TASK OBJECTIVE: Omit the pictures, then reproduce exactly the line bearing "GUANGZHOU, CHINA - JANUARY" and every line after it up to and including the last line of the entries below.

DATASET RECORDS:
>>>>>
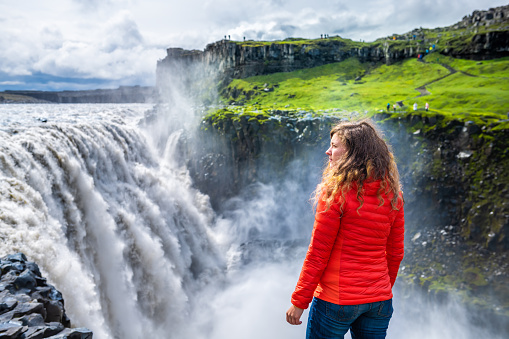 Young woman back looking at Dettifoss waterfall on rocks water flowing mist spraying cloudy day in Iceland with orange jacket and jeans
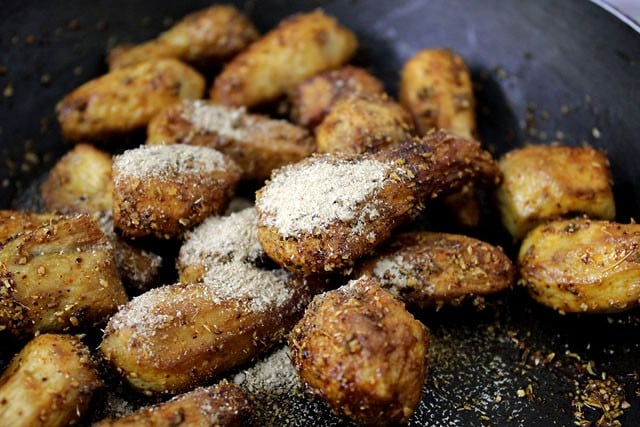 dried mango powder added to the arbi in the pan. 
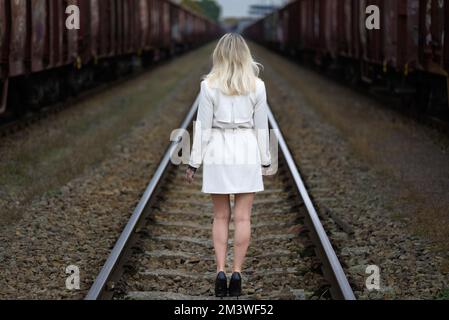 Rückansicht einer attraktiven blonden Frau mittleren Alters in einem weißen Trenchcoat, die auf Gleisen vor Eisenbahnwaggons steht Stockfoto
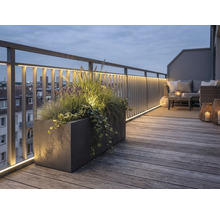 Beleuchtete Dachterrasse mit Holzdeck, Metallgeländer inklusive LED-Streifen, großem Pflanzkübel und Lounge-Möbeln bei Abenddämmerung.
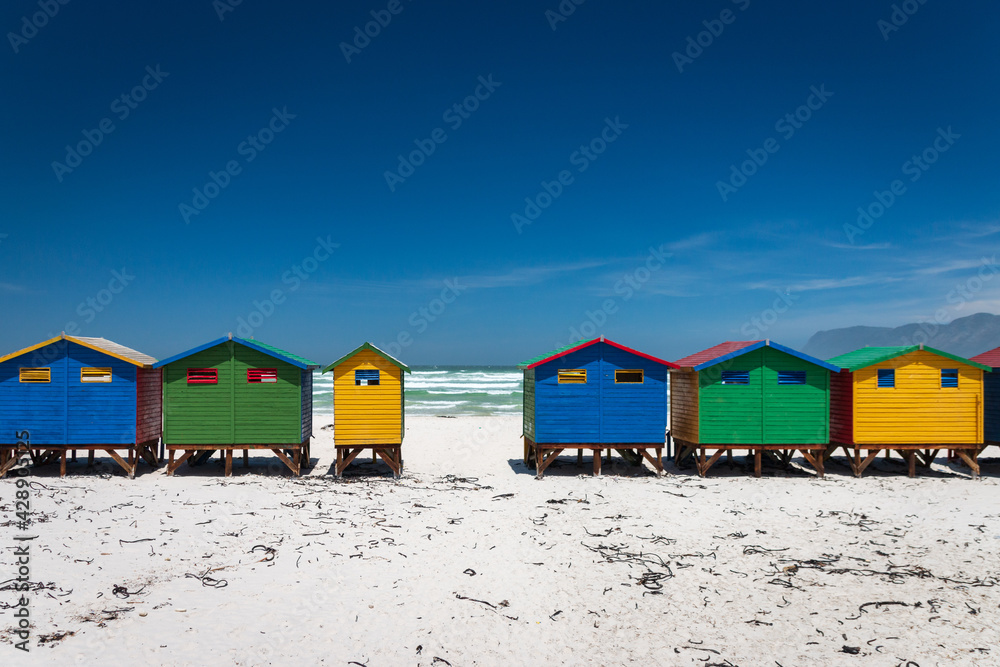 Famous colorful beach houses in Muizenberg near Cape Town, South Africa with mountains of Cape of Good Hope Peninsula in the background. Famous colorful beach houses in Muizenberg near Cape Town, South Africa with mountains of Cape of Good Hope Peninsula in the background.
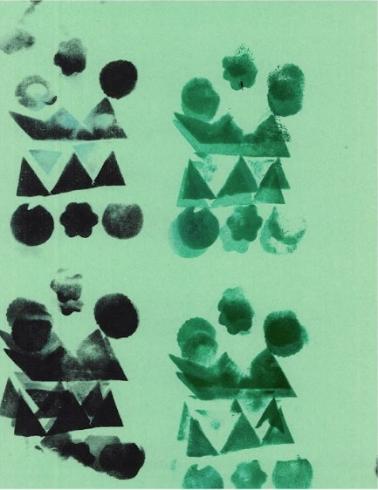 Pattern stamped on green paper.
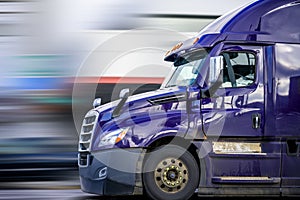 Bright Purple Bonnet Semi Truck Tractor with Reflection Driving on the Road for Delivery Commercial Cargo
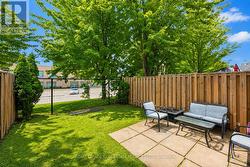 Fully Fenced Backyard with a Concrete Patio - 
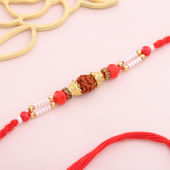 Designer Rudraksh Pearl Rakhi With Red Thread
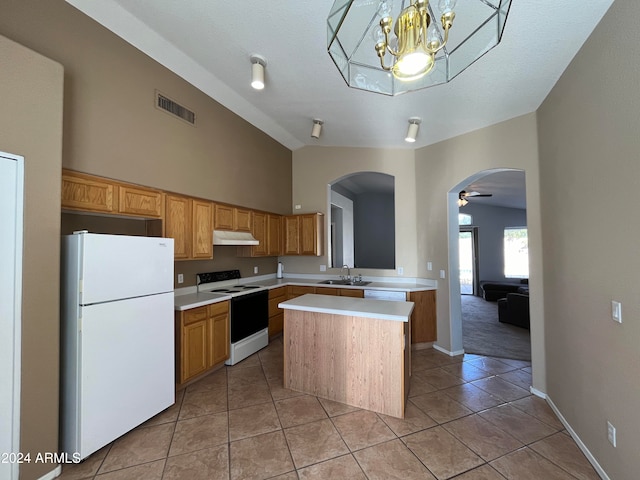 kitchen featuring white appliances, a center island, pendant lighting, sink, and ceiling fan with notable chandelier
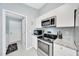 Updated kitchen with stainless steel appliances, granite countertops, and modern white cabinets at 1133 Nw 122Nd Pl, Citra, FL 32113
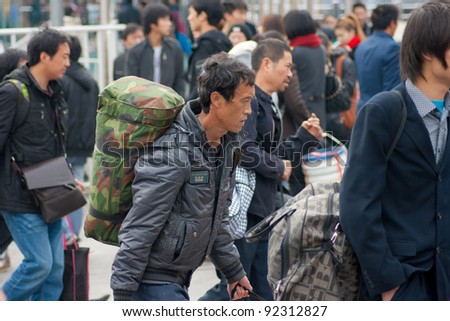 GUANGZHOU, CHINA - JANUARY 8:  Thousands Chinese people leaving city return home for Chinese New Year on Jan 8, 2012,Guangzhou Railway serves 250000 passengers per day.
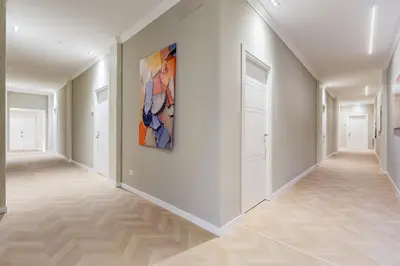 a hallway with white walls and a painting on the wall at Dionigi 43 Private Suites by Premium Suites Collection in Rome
<<<<<
OUTPUT OF THE EXERCISE:
 GUANGZHOU, CHINA - JANUARY 8:  Thousands Chinese people leaving city return home for Chinese New Year on Jan 8, 2012,Guangzhou Railway serves 250000 passengers per day.
 a hallway with white walls and a painting on the wall at Dionigi 43 Private Suites by Premium Suites Collection in Rome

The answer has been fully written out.